━━━━━ Input for this task ━━━━━

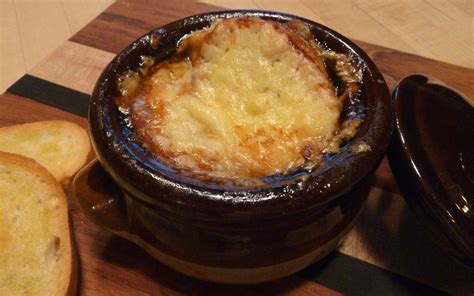 Heavenly French Onion Soup Gratinée — DEER CREEK CHEESE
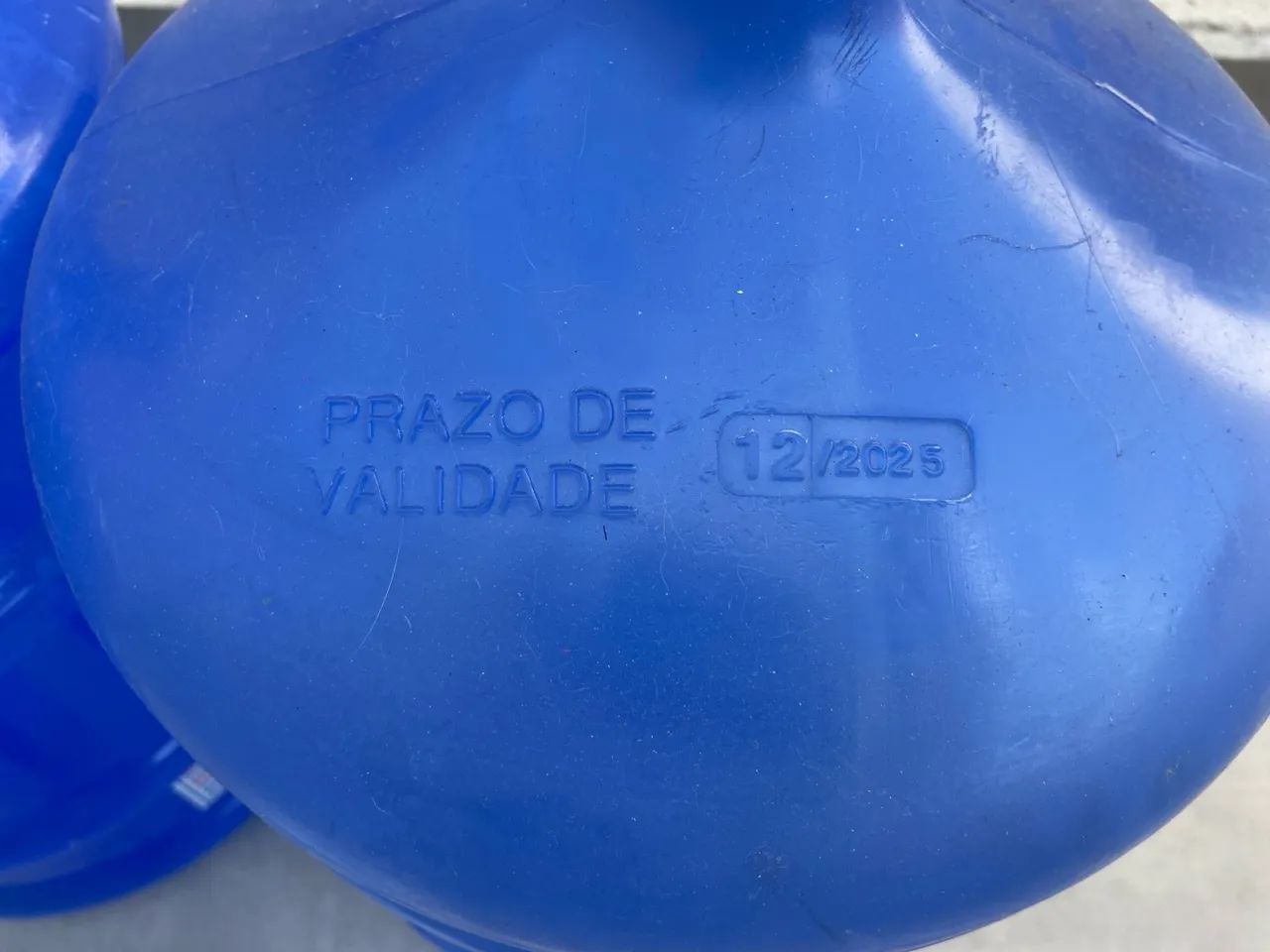 02 Bombas elétricas para garrafão + capa dupla face + 02 garrafões - Foto 4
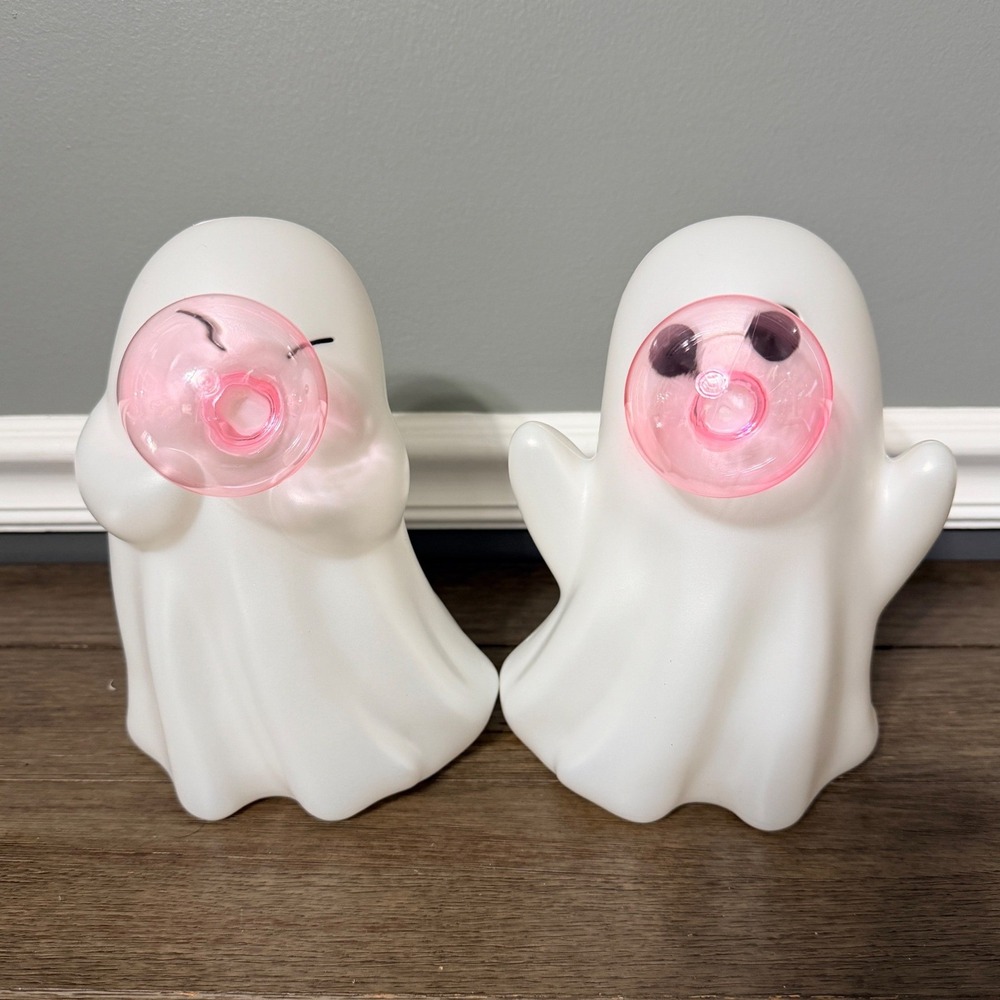 Halloween Bubblegum Ghost Figurine Pair Pink Bubble Winking Spooky  Decor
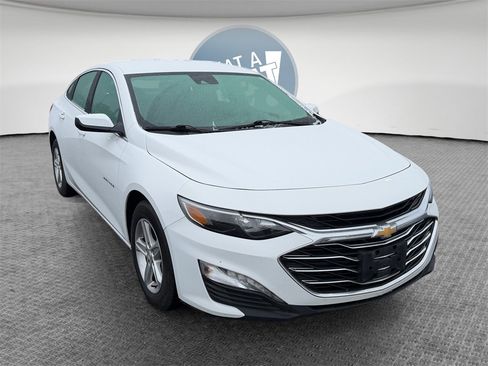 Certified 2024 Chevrolet Malibu LT image 1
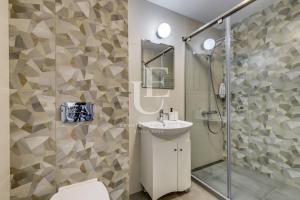 Paris A sunny 2- bedroom apartment with parking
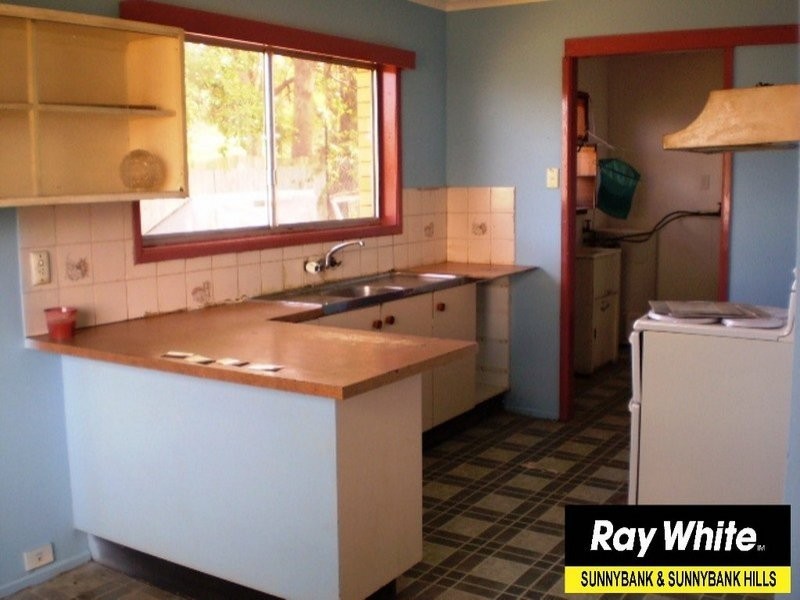 110 Railway Parade, Woodridge QLD 4114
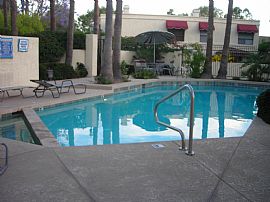 Beautiful 2 Bedroom Townhouse with Upgrades in Phoenix, AZ (Photo 1 of 7)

━━━━━

Task to complete. Retype each record exactly as it appears above and drop the images.

Final answer.
 Heavenly French Onion Soup Gratinée — DEER CREEK CHEESE
 02 Bombas elétricas para garrafão + capa dupla face + 02 garrafões - Foto 4
 Halloween Bubblegum Ghost Figurine Pair Pink Bubble Winking Spooky  Decor
 Certified 2024 Chevrolet Malibu LT image 1
 Paris A sunny 2- bedroom apartment with parking
 110 Railway Parade, Woodridge QLD 4114
 Beautiful 2 Bedroom Townhouse with Upgrades in Phoenix, AZ (Photo 1 of 7)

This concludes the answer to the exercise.